■ **Task**
The records below should be copied in full, exactly as shown.
-- Opening Marker --
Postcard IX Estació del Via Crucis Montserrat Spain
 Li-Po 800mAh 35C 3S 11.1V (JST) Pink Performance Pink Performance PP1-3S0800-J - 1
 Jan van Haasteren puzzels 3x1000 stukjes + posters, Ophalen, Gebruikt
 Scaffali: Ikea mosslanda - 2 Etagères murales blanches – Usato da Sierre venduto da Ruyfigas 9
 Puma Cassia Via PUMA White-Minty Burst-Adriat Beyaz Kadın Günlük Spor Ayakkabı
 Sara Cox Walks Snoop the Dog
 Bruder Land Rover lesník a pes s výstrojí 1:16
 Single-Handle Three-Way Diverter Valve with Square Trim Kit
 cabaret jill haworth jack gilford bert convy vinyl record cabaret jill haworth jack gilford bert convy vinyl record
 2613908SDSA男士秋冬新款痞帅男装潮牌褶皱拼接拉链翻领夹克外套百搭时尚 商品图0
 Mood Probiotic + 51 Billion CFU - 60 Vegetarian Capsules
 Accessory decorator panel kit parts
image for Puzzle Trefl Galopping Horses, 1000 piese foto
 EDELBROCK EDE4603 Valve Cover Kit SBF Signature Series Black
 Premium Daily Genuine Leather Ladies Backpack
-- Closing Marker --
■ **Answer to this task**
Postcard IX Estació del Via Crucis Montserrat Spain
 Li-Po 800mAh 35C 3S 11.1V (JST) Pink Performance Pink Performance PP1-3S0800-J - 1
 Jan van Haasteren puzzels 3x1000 stukjes + posters, Ophalen, Gebruikt
 Scaffali: Ikea mosslanda - 2 Etagères murales blanches – Usato da Sierre venduto da Ruyfigas 9
 Puma Cassia Via PUMA White-Minty Burst-Adriat Beyaz Kadın Günlük Spor Ayakkabı
 Sara Cox Walks Snoop the Dog
 Bruder Land Rover lesník a pes s výstrojí 1:16
 Single-Handle Three-Way Diverter Valve with Square Trim Kit
 cabaret jill haworth jack gilford bert convy vinyl record cabaret jill haworth jack gilford bert convy vinyl record
 2613908SDSA男士秋冬新款痞帅男装潮牌褶皱拼接拉链翻领夹克外套百搭时尚 商品图0
 Mood Probiotic + 51 Billion CFU - 60 Vegetarian Capsules
 Accessory decorator panel kit parts
image for Puzzle Trefl Galopping Horses, 1000 piese foto
 EDELBROCK EDE4603 Valve Cover Kit SBF Signature Series Black
 Premium Daily Genuine Leather Ladies Backpack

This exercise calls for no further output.